Task statement
Without the pictures, give the records again exactly as they appear.

Material for this exercise

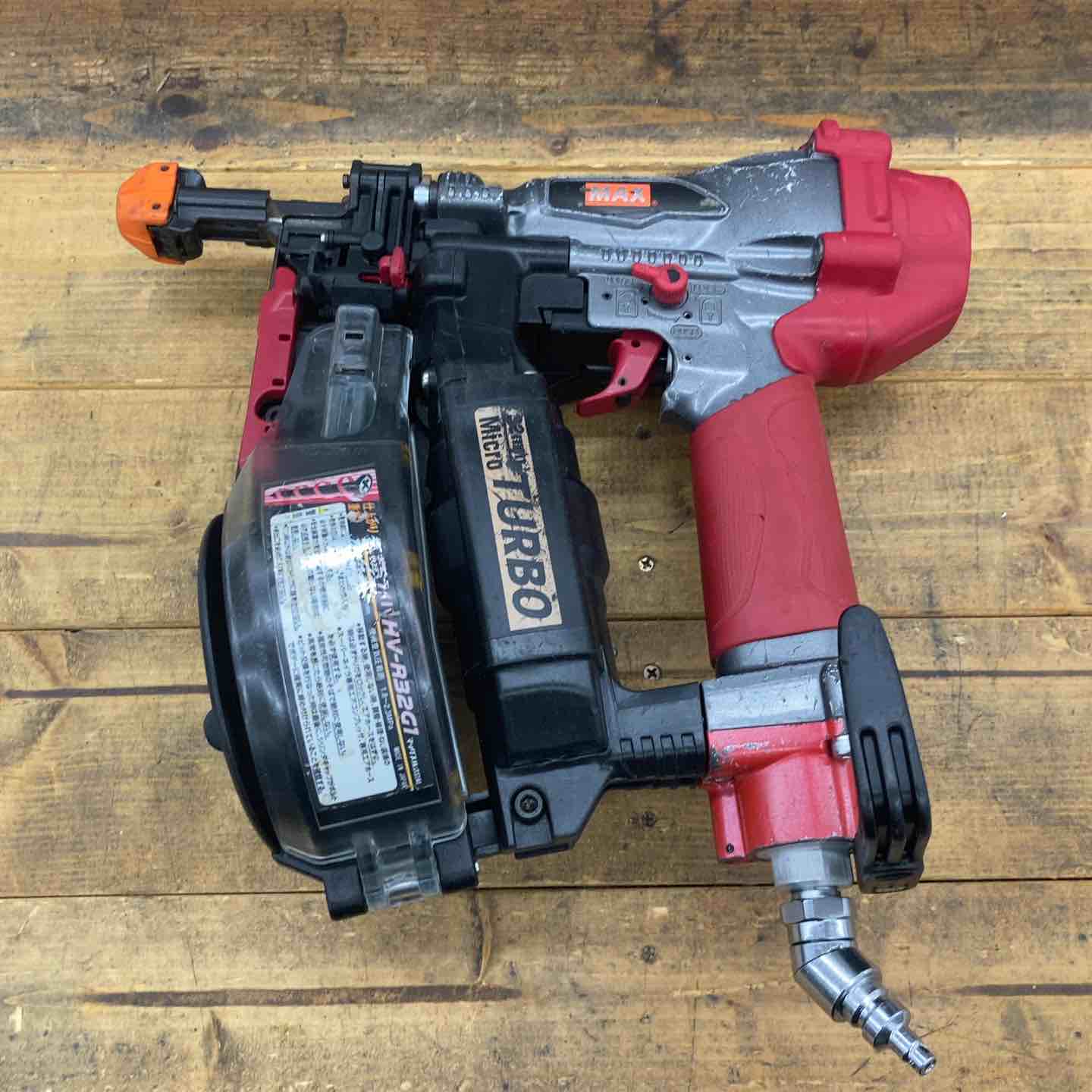 【専用】mac-ha様 MAX HA-38F4(D) 4MAフロア 高圧フロアネイラ ウエダ金物【公式サイト】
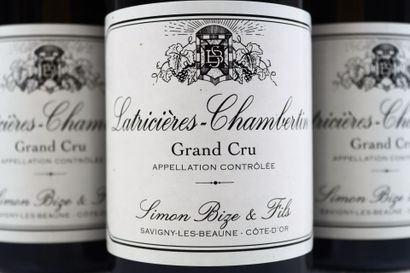5 bottles of LATRICIERES CHAMBERTIN 2011...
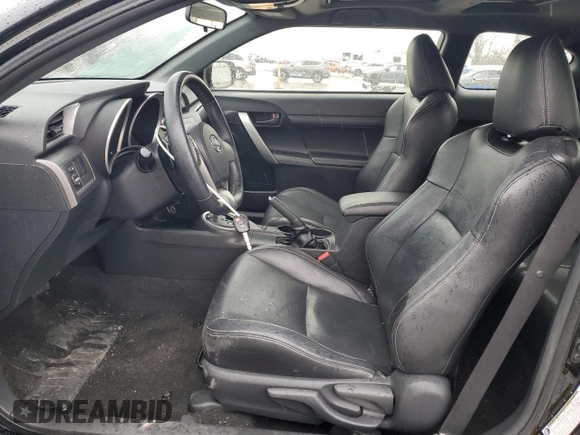 2015 Scion tC with VIN JTKJF5C71F3089425, listed as a Copart auction lot 43441305 with 105,724 mi miles and Salvage Title. Bid and sale history available at carsss.com. Image 7.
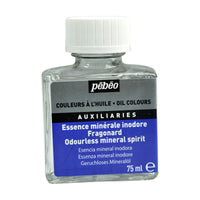 Pébéo geurloze terpentinevervanger voor olieverf 75 ml
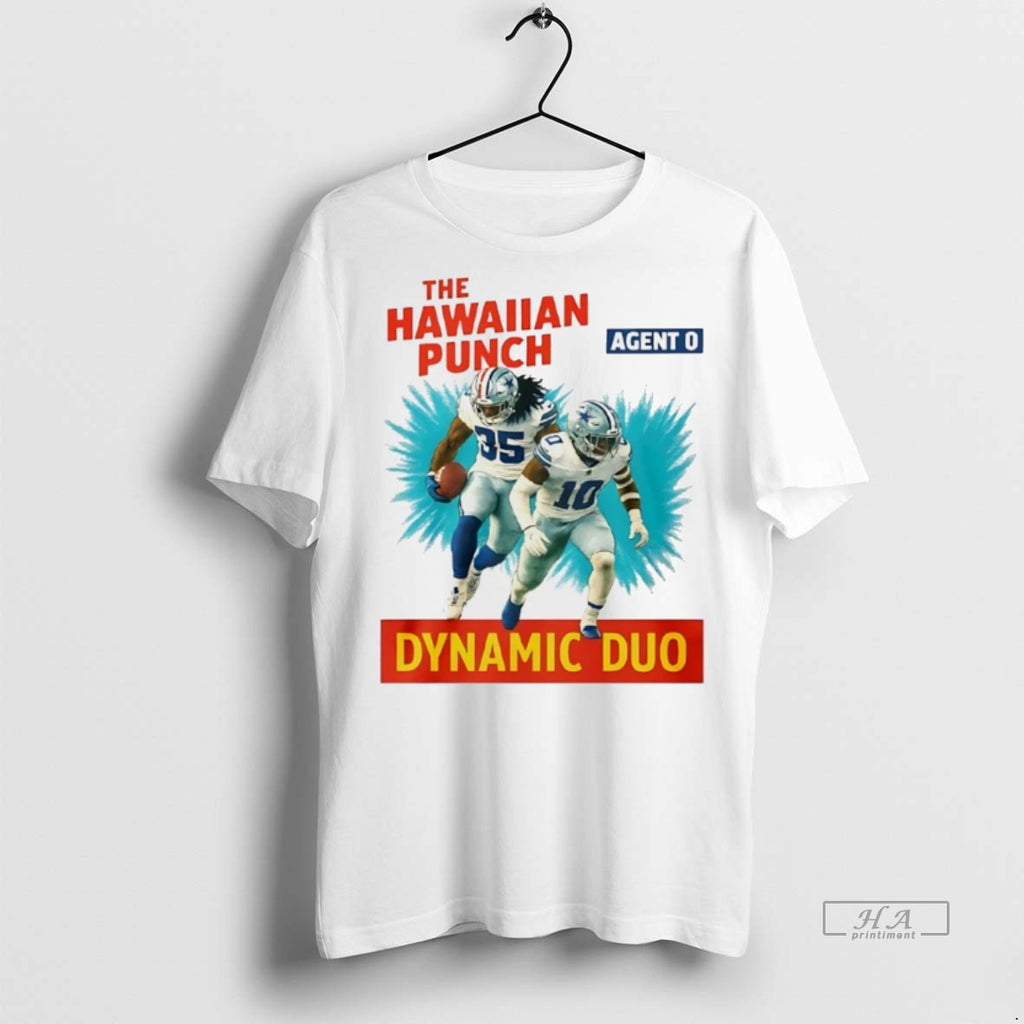 Trendy Official The Hawaiian Punch Dynamic Duo Dallas Cowboys Tee Sweater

Answer below
 【専用】mac-ha様 MAX HA-38F4(D) 4MAフロア 高圧フロアネイラ ウエダ金物【公式サイト】
5 bottles of LATRICIERES CHAMBERTIN 2011...
 2015 Scion tC with VIN JTKJF5C71F3089425, listed as a Copart auction lot 43441305 with 105,724 mi miles and Salvage Title. Bid and sale history available at carsss.com. Image 7.
 Pébéo geurloze terpentinevervanger voor olieverf 75 ml
 Trendy Official The Hawaiian Punch Dynamic Duo Dallas Cowboys Tee Sweater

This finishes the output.